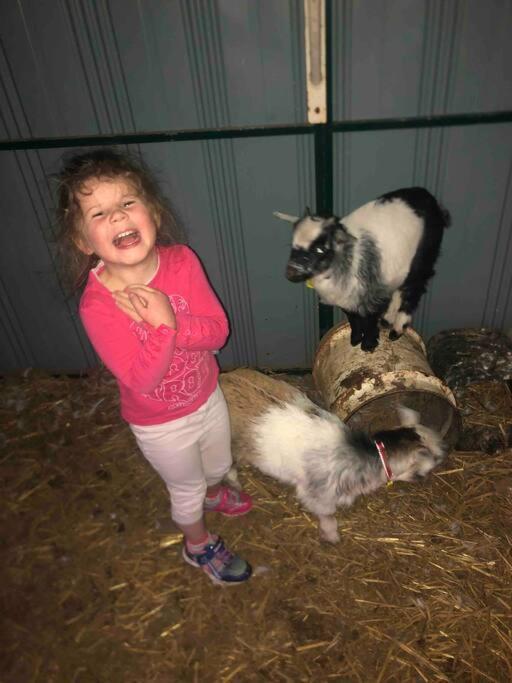 Lappi Farm Farm stay Berridale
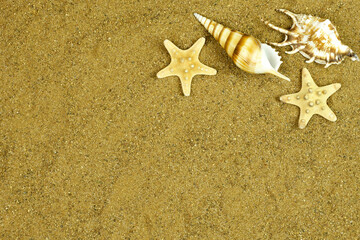 Sea shells with sand as background. Seashells and starfish.
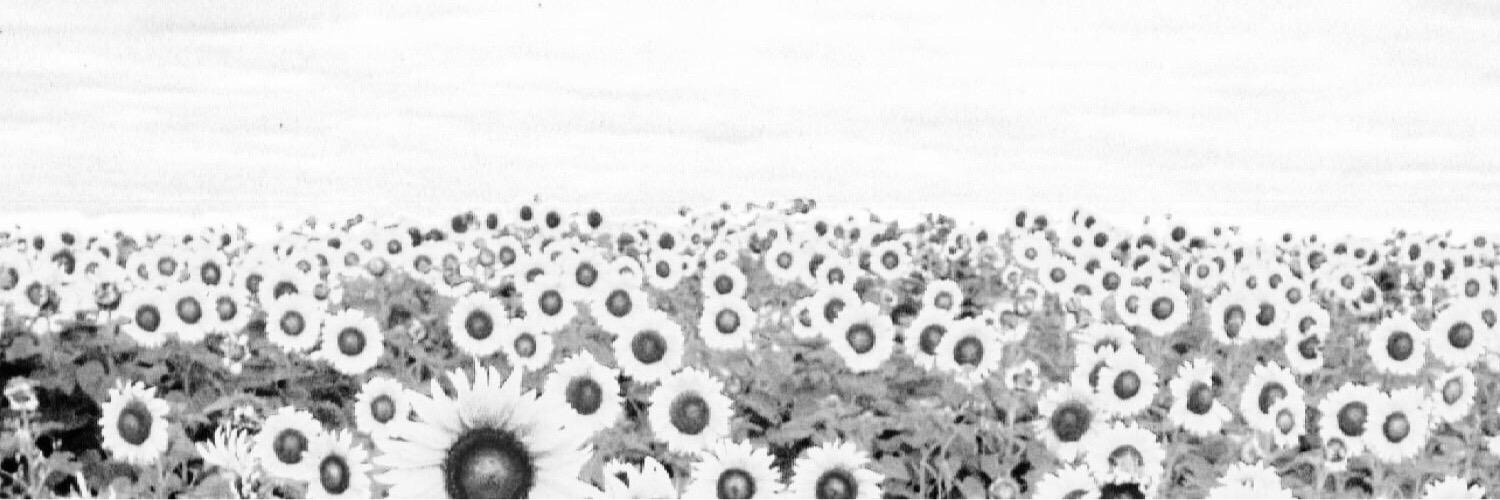argentsdylan's profile banner image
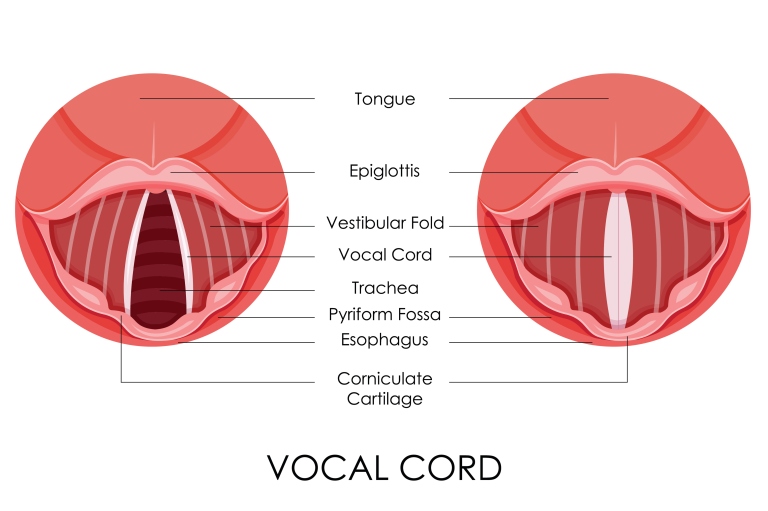 Vocal Cord Diagram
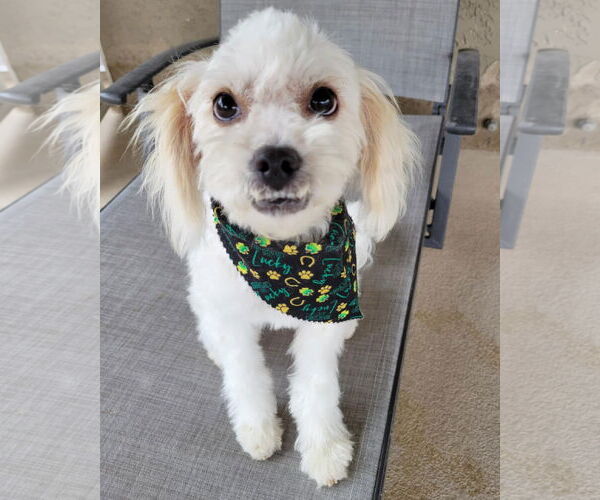 Medium Photo #5 Havamalt Puppy For Sale in Corona, CA, USA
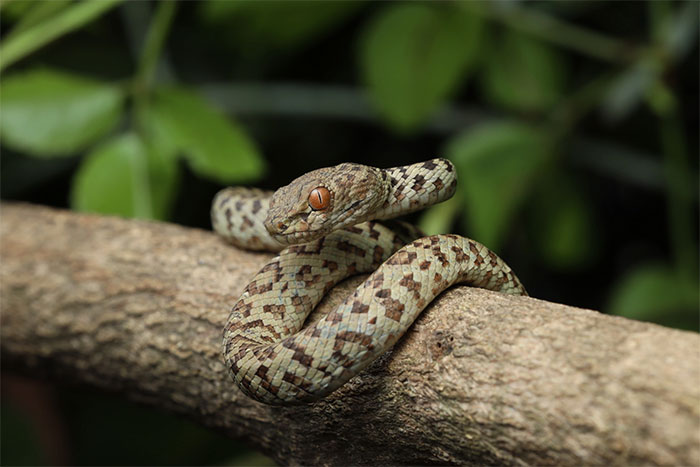Picture 4 of Venomous snake found only on a small island in Vietnam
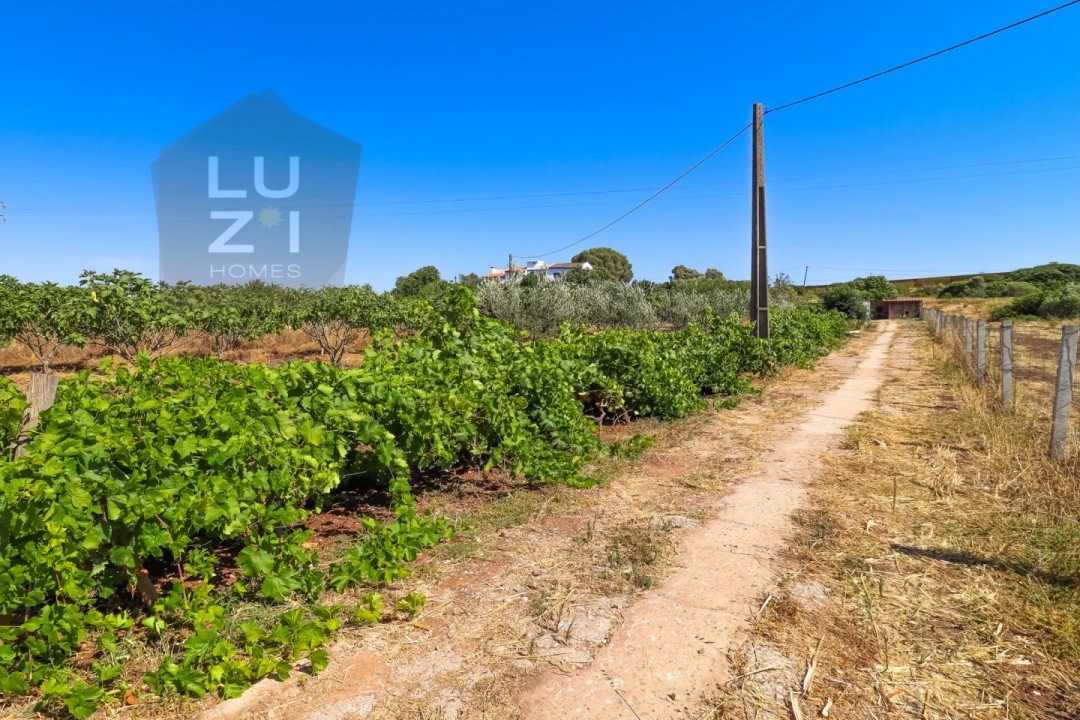 Terreno Agricola ou Rústico para Venda em Odiaxere Foto 28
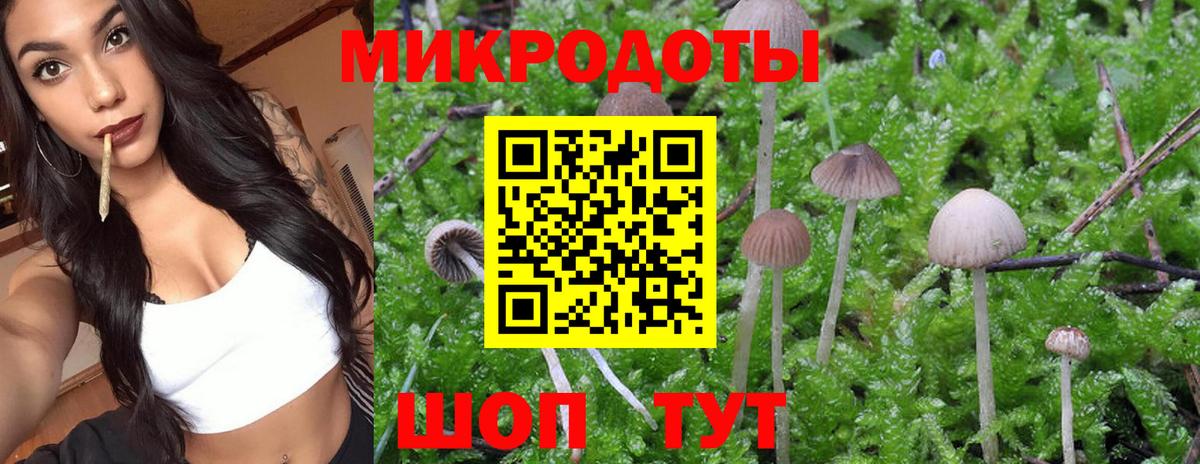 Ливны  Псилоцибиновые грибы мухоморы  Вход с VPN 
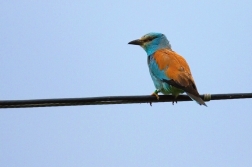 Mandelík hajní  ( Coracias garrulus )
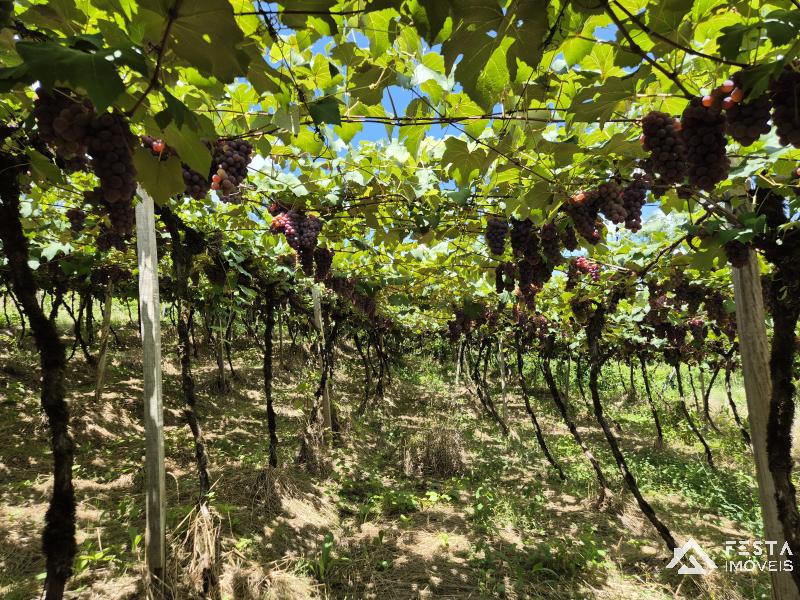 ÁREA DE TERRAS em Interior - Veranópolis - RS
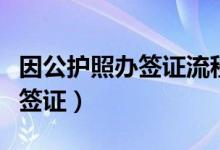 因公護照辦簽證流程（普通公務護照怎么辦理簽證）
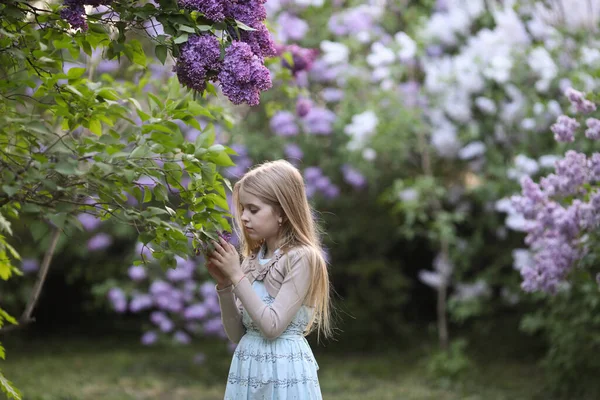 美しい若い女の子はライラックの花を探して春の庭です 青いドレスとベージュのボレロのブロンドの10代の女の子 選択的フォーカス ロックダウンアート — ストック写真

§ §

- To do
Only the lines from the one that holds "Medium Photo #5" through the final line of the material should be reproduced, word for word, with the pictures omitted.

- Response area
 Medium Photo #5 Havamalt Puppy For Sale in Corona, CA, USA
Picture 4 of Venomous snake found only on a small island in Vietnam
 Terreno Agricola ou Rústico para Venda em Odiaxere Foto 28
 Ливны  Псилоцибиновые грибы мухоморы  Вход с VPN 
 Mandelík hajní  ( Coracias garrulus )
 ÁREA DE TERRAS em Interior - Veranópolis - RS
 因公護照辦簽證流程（普通公務護照怎么辦理簽證）
 美しい若い女の子はライラックの花を探して春の庭です 青いドレスとベージュのボレロのブロンドの10代の女の子 選択的フォーカス ロックダウンアート — ストック写真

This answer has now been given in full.